Architecture

Internally Crystalline uses an actor-like model where each component has a pool of async tasks and/or worker threads that it uses to handles messages received via channels. These tasks typically have a structure with a main task that manages the lifetime of the task and channel cleanup, along with a pool of worker tasks that process the actual messages received from the channel. The worker tasks may then send additional messages to other components as required.

This design means that there will be many more async tasks running than logical threads, this is where Tokio proves it's worth by scheduling all the tasks appropriately.

Storage

Crystalline stores all data using Tantivy, a full text search engine library.

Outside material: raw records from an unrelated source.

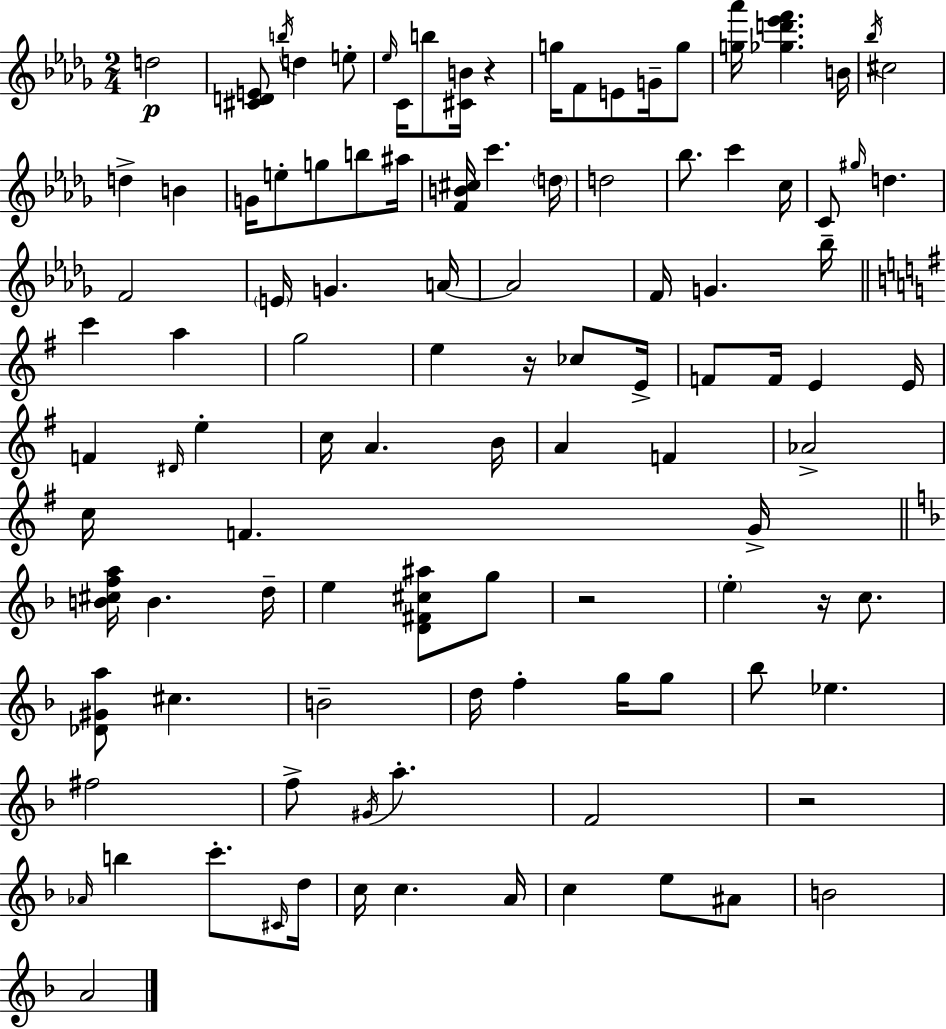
D5/h [C#4,D4,E4]/e B5/s D5/q E5/e Eb5/s C4/s B5/e [C#4,B4]/s R/q G5/s F4/e E4/e G4/s G5/e [G5,Ab6]/s [Gb5,D6,Eb6,F6]/q. B4/s Bb5/s C#5/h D5/q B4/q G4/s E5/e G5/e B5/e A#5/s [F4,B4,C#5]/s C6/q. D5/s D5/h Bb5/e. C6/q C5/s C4/e G#5/s D5/q. F4/h E4/s G4/q. A4/s A4/h F4/s G4/q. Bb5/s C6/q A5/q G5/h E5/q R/s CES5/e E4/s F4/e F4/s E4/q E4/s F4/q D#4/s E5/q C5/s A4/q. B4/s A4/q F4/q Ab4/h C5/s F4/q. G4/s [B4,C#5,F5,A5]/s B4/q. D5/s E5/q [D4,F#4,C#5,A#5]/e G5/e R/h E5/q R/s C5/e. [Db4,G#4,A5]/e C#5/q. B4/h D5/s F5/q G5/s G5/e Bb5/e Eb5/q. F#5/h F5/e G#4/s A5/q. F4/h R/h Ab4/s B5/q C6/e. C#4/s D5/s C5/s C5/q. A4/s C5/q E5/e A#4/e B4/h A4/h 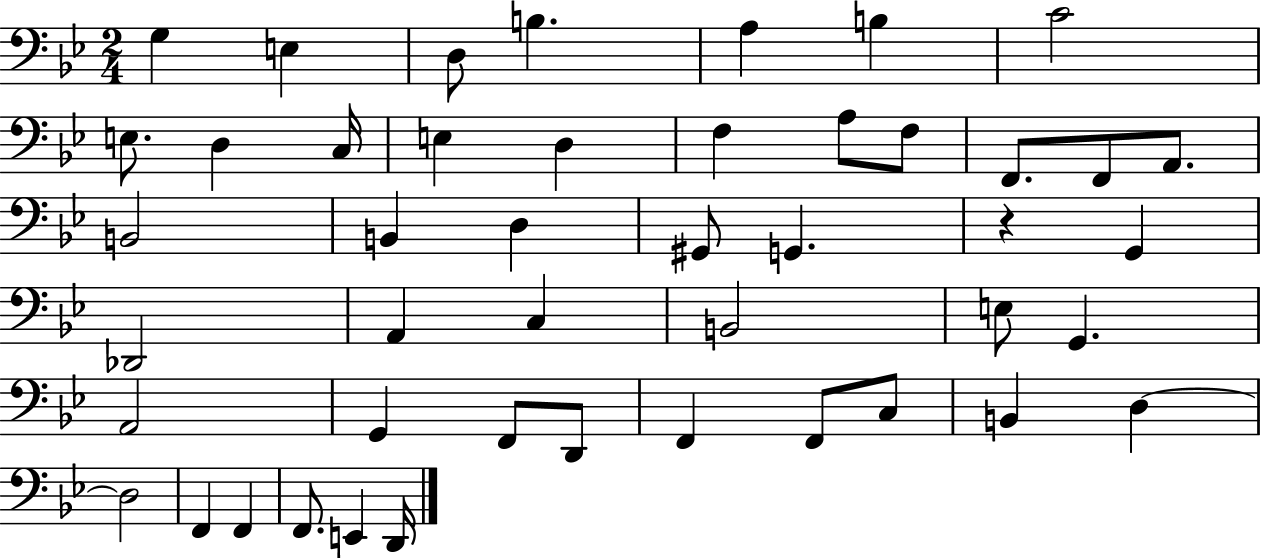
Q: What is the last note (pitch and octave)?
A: D2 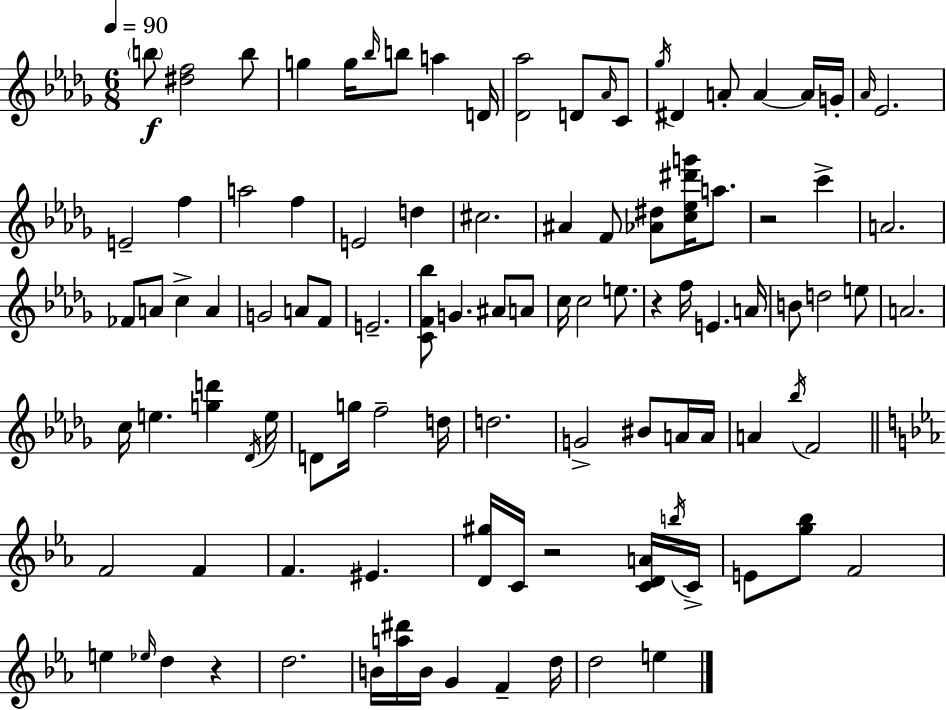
{
  \clef treble
  \numericTimeSignature
  \time 6/8
  \key bes \minor
  \tempo 4 = 90
  \parenthesize b''8\f <dis'' f''>2 b''8 | g''4 g''16 \grace { bes''16 } b''8 a''4 | d'16 <des' aes''>2 d'8 \grace { aes'16 } | c'8 \acciaccatura { ges''16 } dis'4 a'8-. a'4~~ | \break a'16 g'16-. \grace { aes'16 } ees'2. | e'2-- | f''4 a''2 | f''4 e'2 | \break d''4 cis''2. | ais'4 f'8 <aes' dis''>8 | <c'' ees'' dis''' g'''>16 a''8. r2 | c'''4-> a'2. | \break fes'8 a'8 c''4-> | a'4 g'2 | a'8 f'8 e'2.-- | <c' f' bes''>8 g'4. | \break ais'8 a'8 c''16 c''2 | e''8. r4 f''16 e'4. | a'16 b'8 d''2 | e''8 a'2. | \break c''16 e''4. <g'' d'''>4 | \acciaccatura { des'16 } e''16 d'8 g''16 f''2-- | d''16 d''2. | g'2-> | \break bis'8 a'16 a'16 a'4 \acciaccatura { bes''16 } f'2 | \bar "||" \break \key ees \major f'2 f'4 | f'4. eis'4. | <d' gis''>16 c'16 r2 <c' d' a'>16 \acciaccatura { b''16 } | c'16-> e'8 <g'' bes''>8 f'2 | \break e''4 \grace { ees''16 } d''4 r4 | d''2. | b'16 <a'' dis'''>16 b'16 g'4 f'4-- | d''16 d''2 e''4 | \break \bar "|."
} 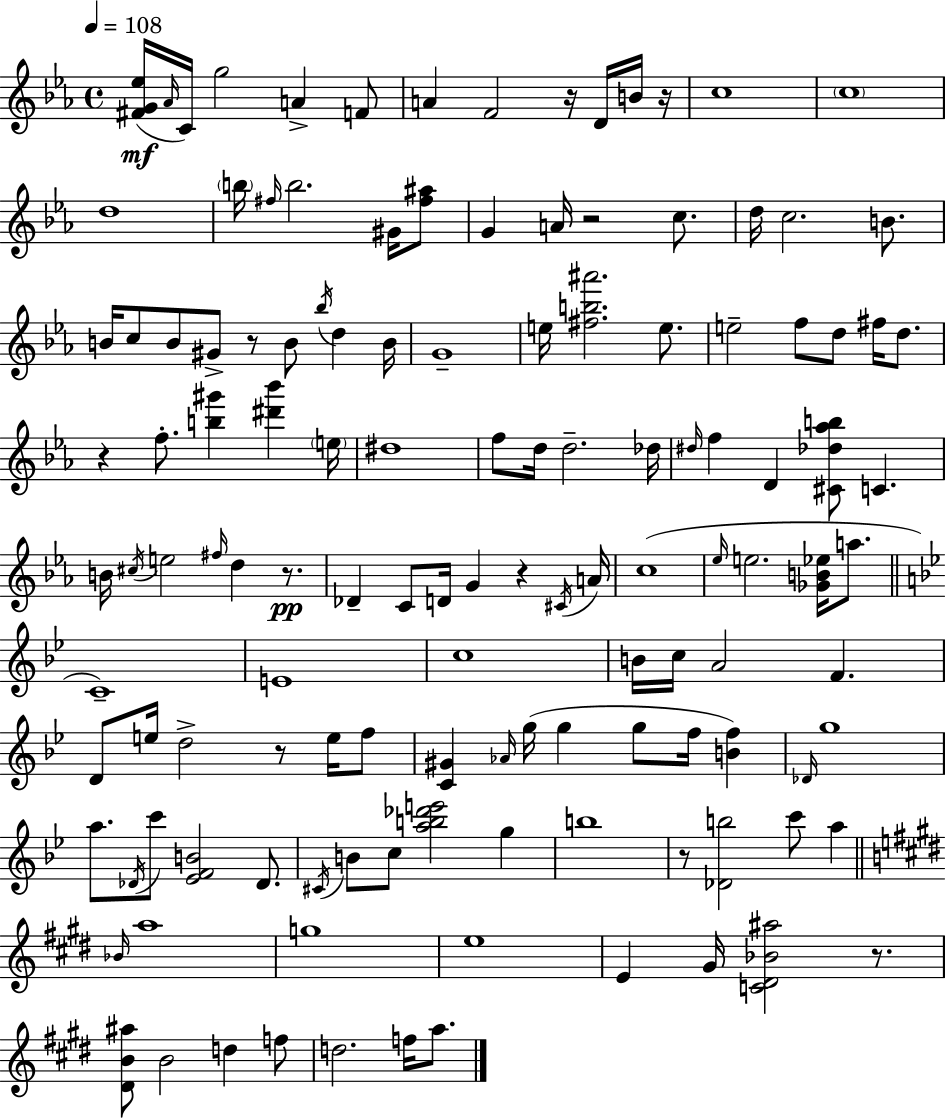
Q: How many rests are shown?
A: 10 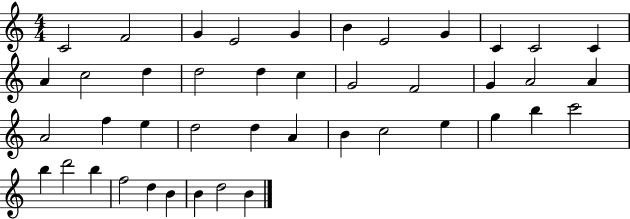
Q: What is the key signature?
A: C major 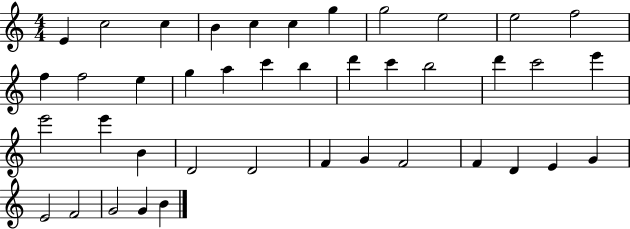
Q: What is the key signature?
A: C major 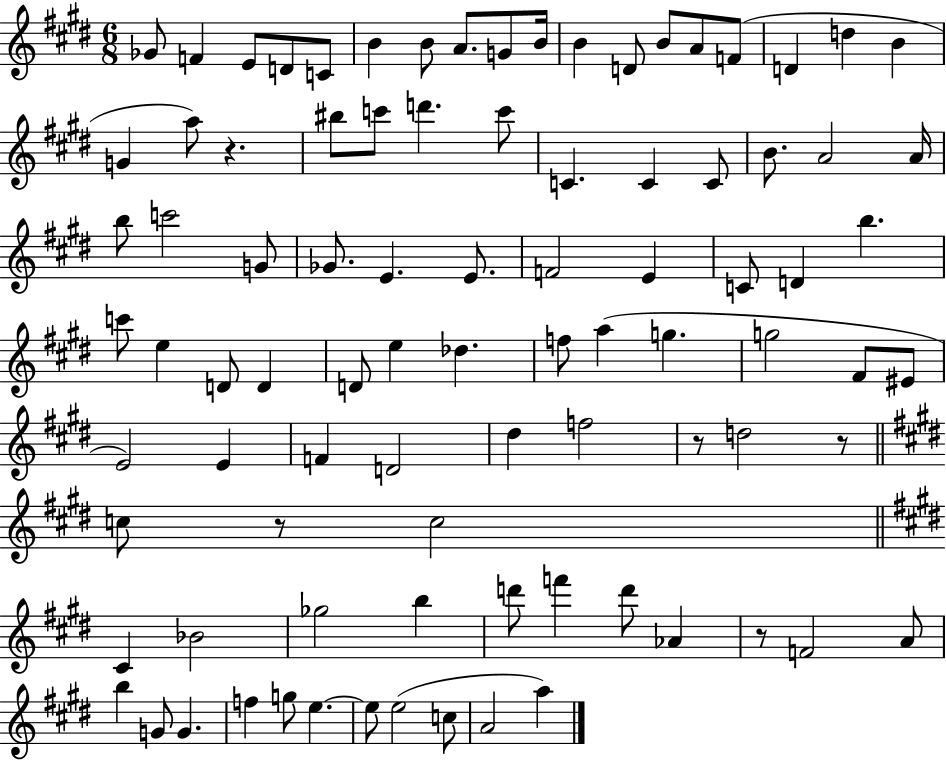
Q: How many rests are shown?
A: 5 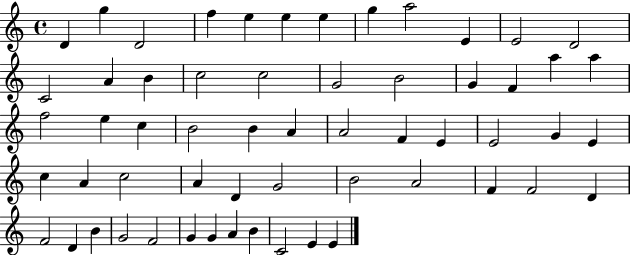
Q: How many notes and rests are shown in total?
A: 58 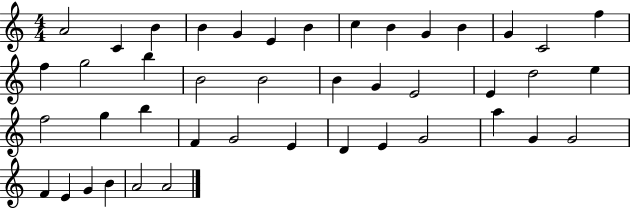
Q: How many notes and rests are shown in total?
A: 43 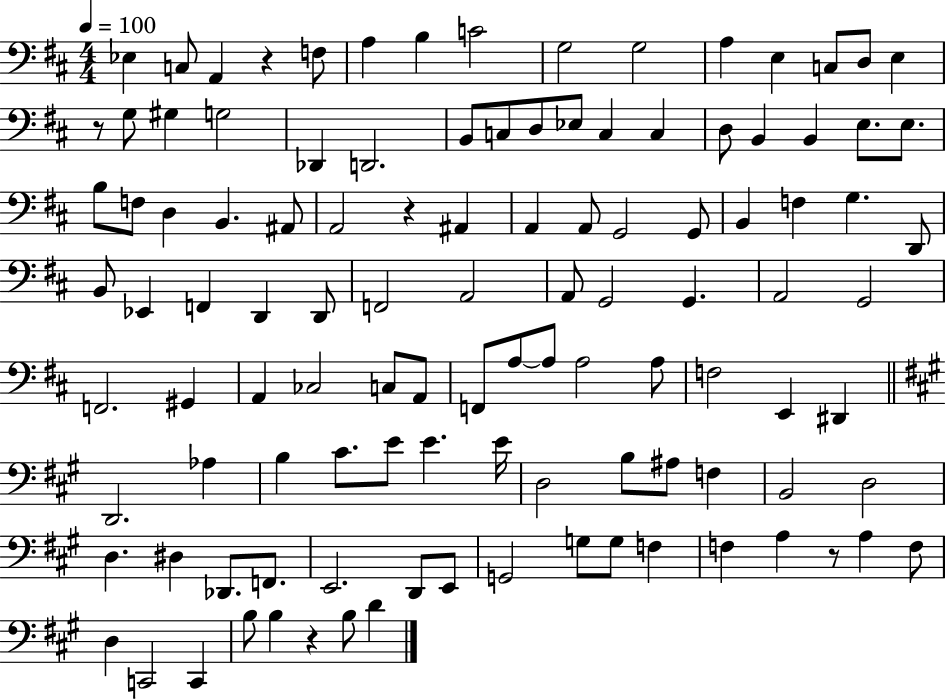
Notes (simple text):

Eb3/q C3/e A2/q R/q F3/e A3/q B3/q C4/h G3/h G3/h A3/q E3/q C3/e D3/e E3/q R/e G3/e G#3/q G3/h Db2/q D2/h. B2/e C3/e D3/e Eb3/e C3/q C3/q D3/e B2/q B2/q E3/e. E3/e. B3/e F3/e D3/q B2/q. A#2/e A2/h R/q A#2/q A2/q A2/e G2/h G2/e B2/q F3/q G3/q. D2/e B2/e Eb2/q F2/q D2/q D2/e F2/h A2/h A2/e G2/h G2/q. A2/h G2/h F2/h. G#2/q A2/q CES3/h C3/e A2/e F2/e A3/e A3/e A3/h A3/e F3/h E2/q D#2/q D2/h. Ab3/q B3/q C#4/e. E4/e E4/q. E4/s D3/h B3/e A#3/e F3/q B2/h D3/h D3/q. D#3/q Db2/e. F2/e. E2/h. D2/e E2/e G2/h G3/e G3/e F3/q F3/q A3/q R/e A3/q F3/e D3/q C2/h C2/q B3/e B3/q R/q B3/e D4/q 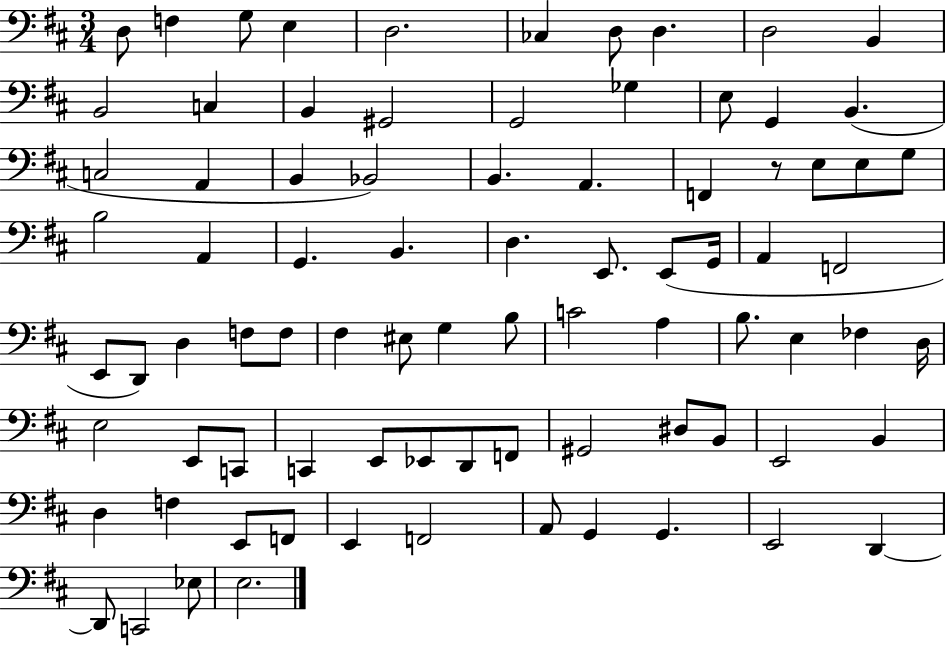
D3/e F3/q G3/e E3/q D3/h. CES3/q D3/e D3/q. D3/h B2/q B2/h C3/q B2/q G#2/h G2/h Gb3/q E3/e G2/q B2/q. C3/h A2/q B2/q Bb2/h B2/q. A2/q. F2/q R/e E3/e E3/e G3/e B3/h A2/q G2/q. B2/q. D3/q. E2/e. E2/e G2/s A2/q F2/h E2/e D2/e D3/q F3/e F3/e F#3/q EIS3/e G3/q B3/e C4/h A3/q B3/e. E3/q FES3/q D3/s E3/h E2/e C2/e C2/q E2/e Eb2/e D2/e F2/e G#2/h D#3/e B2/e E2/h B2/q D3/q F3/q E2/e F2/e E2/q F2/h A2/e G2/q G2/q. E2/h D2/q D2/e C2/h Eb3/e E3/h. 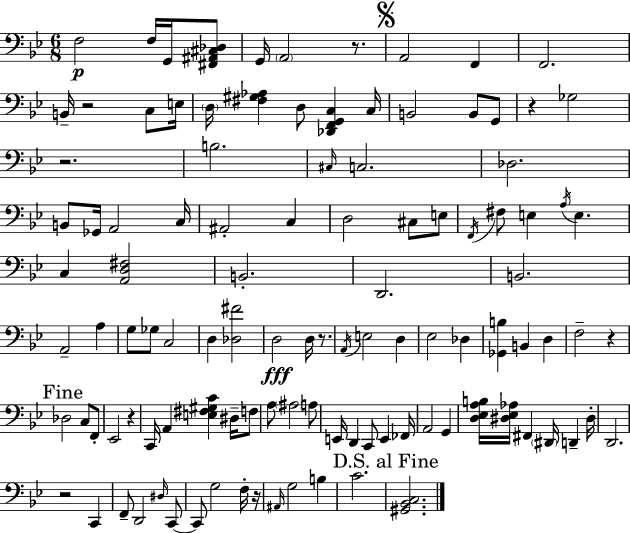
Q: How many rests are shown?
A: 9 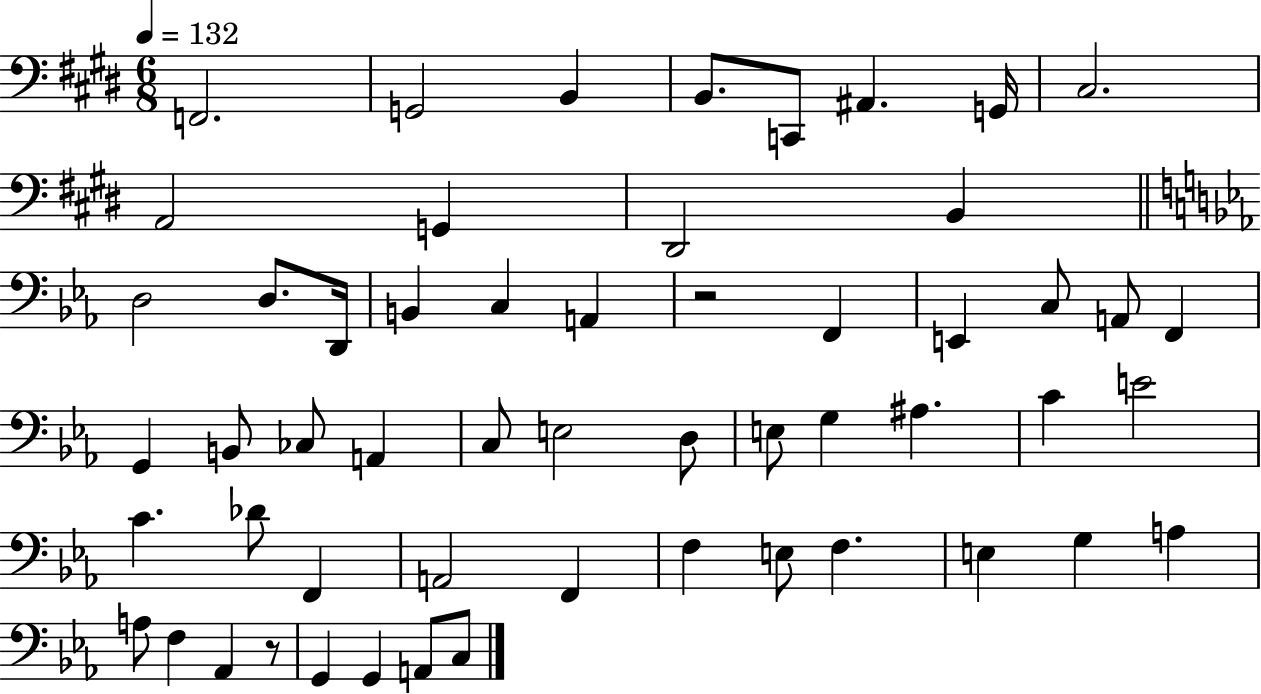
{
  \clef bass
  \numericTimeSignature
  \time 6/8
  \key e \major
  \tempo 4 = 132
  f,2. | g,2 b,4 | b,8. c,8 ais,4. g,16 | cis2. | \break a,2 g,4 | dis,2 b,4 | \bar "||" \break \key c \minor d2 d8. d,16 | b,4 c4 a,4 | r2 f,4 | e,4 c8 a,8 f,4 | \break g,4 b,8 ces8 a,4 | c8 e2 d8 | e8 g4 ais4. | c'4 e'2 | \break c'4. des'8 f,4 | a,2 f,4 | f4 e8 f4. | e4 g4 a4 | \break a8 f4 aes,4 r8 | g,4 g,4 a,8 c8 | \bar "|."
}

An index in Crystalline largely consists of just a name and a retention policy, the actual data is stored in one or more buckets. These buckets will be placed in hot, warm, or cold storage depending on their age and the retention policy for the index as pictured below: Inputs, Indices, Buckets

The buckets themselves each contain events for a single 24-hour span in UTC and will be given a directory name based on the range it covers. For example the bucket for 1/1/2024 would have the directory name 1704067200-1704153599 which would in turn contain a Tantivy index with all events that occurred between those two timestamps.

The Tantivy indices themselves have a fixed schema with a minimal set of required fields and an optimised tokeniser to reduce storage requirements and improve performance.

When searching, all buckets for an index within the search period will be opened and searched in parallel and the results merged into a single set. (with an additional range query applied for partial overlaps )

State

Crystalline primarily reacts to events received as HTTP requests before passing them on to the appropriate component for processing, with a few additional operations that run at regular intervals.

Scheduled operations

  • Config state synchronisation
    Crystalline stores all information about inputs, indices, users, etc in a database mounted under /config (or /var/lib/crystalline/db when not in a container), when configuration changes are made via the API they will be persisted to the database and are not applied immediately.

    Running state is maintained by regularly polling the database and updating the running state of the application to match the state in the database.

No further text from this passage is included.